MIT is a bastion of leading engineering disciplines and recent advances in architectural geometry, for example, leverage knowledge and experience from across the MIT community, pushing innovative technology forward at a faster clip.
Advances Coming Through Interdisciplinary Collaboration
Nader Tehrani, Department Chair, Department of Architecture, and principal and founder of NADAAA leads faculty and students in carrying out novel experiments through collaborative workshops with other departments fostering cross disciplinary thinking and cooperation.
According to Tehrani, creating any human artifact involves three main factors: geometry, process and material. New materials, of which there have recently been many, lead to new forms that affect how architects design buildings. Tehrani and his staff collaborate closely with MIT’s Emergent Material Group and Urban Metabolism Group, all of whom share an interest in how building materials affect architecture.
The Changing Paradigm Of Architecture
Tehrani mentions the recent increase in this study and use of foamed material, especially in the creation of foamed cement’s and concretes.

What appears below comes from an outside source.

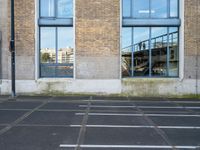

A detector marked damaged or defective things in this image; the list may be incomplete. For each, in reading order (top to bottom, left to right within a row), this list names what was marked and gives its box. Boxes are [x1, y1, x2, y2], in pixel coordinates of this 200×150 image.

patched asphalt [0, 96, 199, 150] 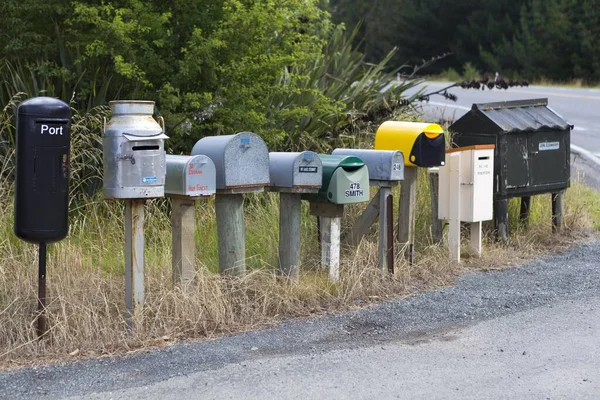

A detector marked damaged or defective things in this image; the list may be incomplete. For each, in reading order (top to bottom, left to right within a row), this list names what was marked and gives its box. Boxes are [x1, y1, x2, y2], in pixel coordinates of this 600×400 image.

Discovering or synthesizing materials that are significantly lighter and stronger than existing materials allows architects to design and build in new ways.

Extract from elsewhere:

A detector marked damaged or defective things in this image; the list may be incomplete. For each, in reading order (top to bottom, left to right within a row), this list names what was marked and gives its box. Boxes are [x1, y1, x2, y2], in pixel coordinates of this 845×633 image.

Tehrani’s students, as architects, exist between two worlds: one of designing calculating or analyzing, and the other, determining what can practicably be built or constructed. With recent breakthroughs in nanotechnology architects are now beginning to build materials starting on the nanoscale. And by studying the self assembling characteristics of biological systems, architects are thinking about how new materials can or should be made and used. Using self-assembly as a new paradigm for building things of all kinds is leading to new insights and advances.